(Brief descriptive captions)
┄┄┄┄┄┄
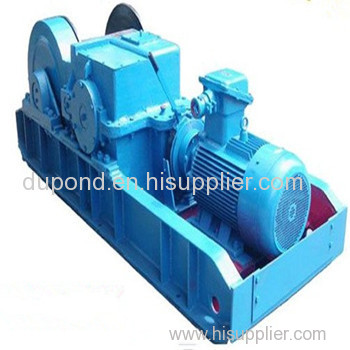 Electric prop-pulling winch/mining prop-pulling winch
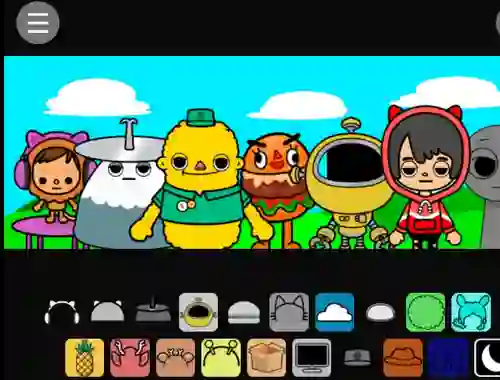 Jeu Sprunki Toca en ligne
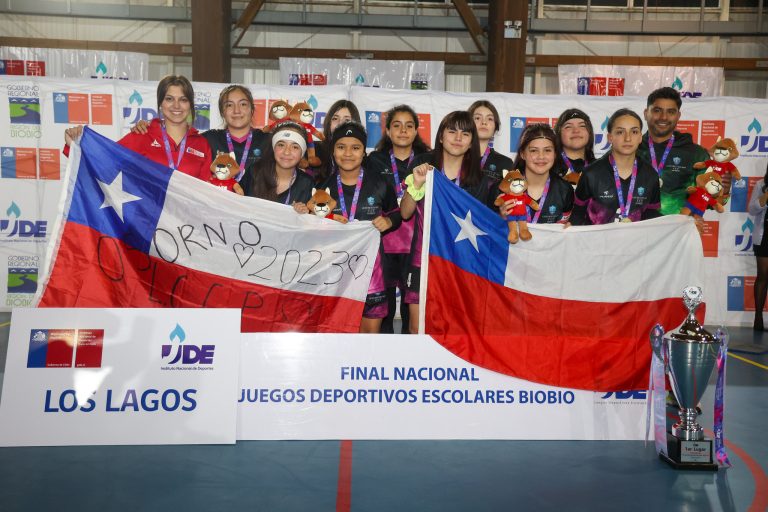 Revisa la lista de los clasificados al Sudamericano Escolar Santiago 2023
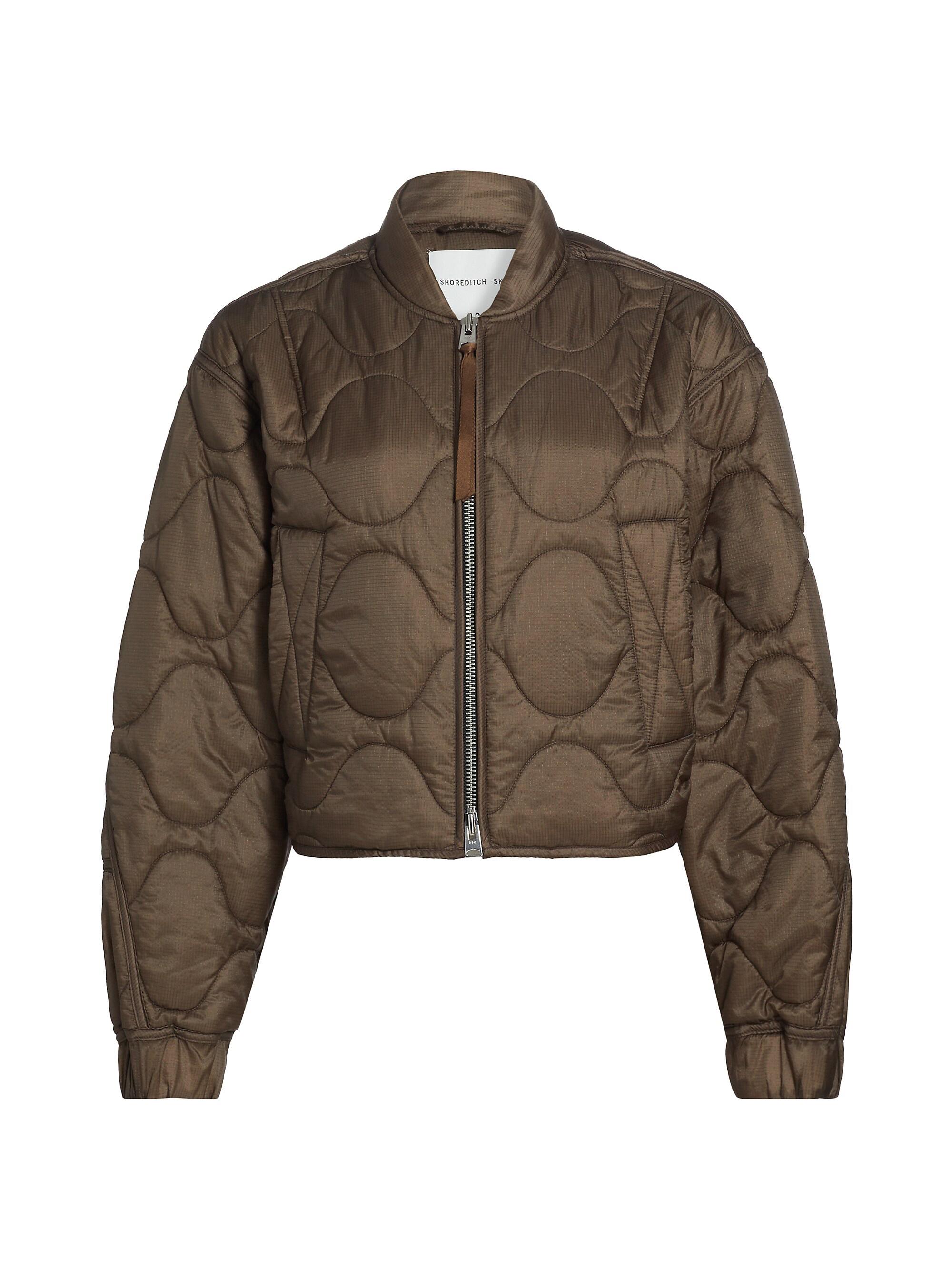 Agolde Agolde x Shoreditch Ski Club Jett Bomber Jacket | Saks
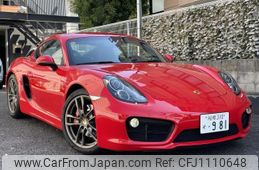 porsche cayman 2014 quick_quick_ABA-981MA123_WP0ZZZ98ZEK183818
┄┄┄┄┄┄
*WORK INSTRUCTIONS*.
Your copy should match the entries above exactly and contain no pictures.

*ANSWER SPACE*.
 Electric prop-pulling winch/mining prop-pulling winch
 Jeu Sprunki Toca en ligne
 Revisa la lista de los clasificados al Sudamericano Escolar Santiago 2023
 Agolde Agolde x Shoreditch Ski Club Jett Bomber Jacket | Saks
 porsche cayman 2014 quick_quick_ABA-981MA123_WP0ZZZ98ZEK183818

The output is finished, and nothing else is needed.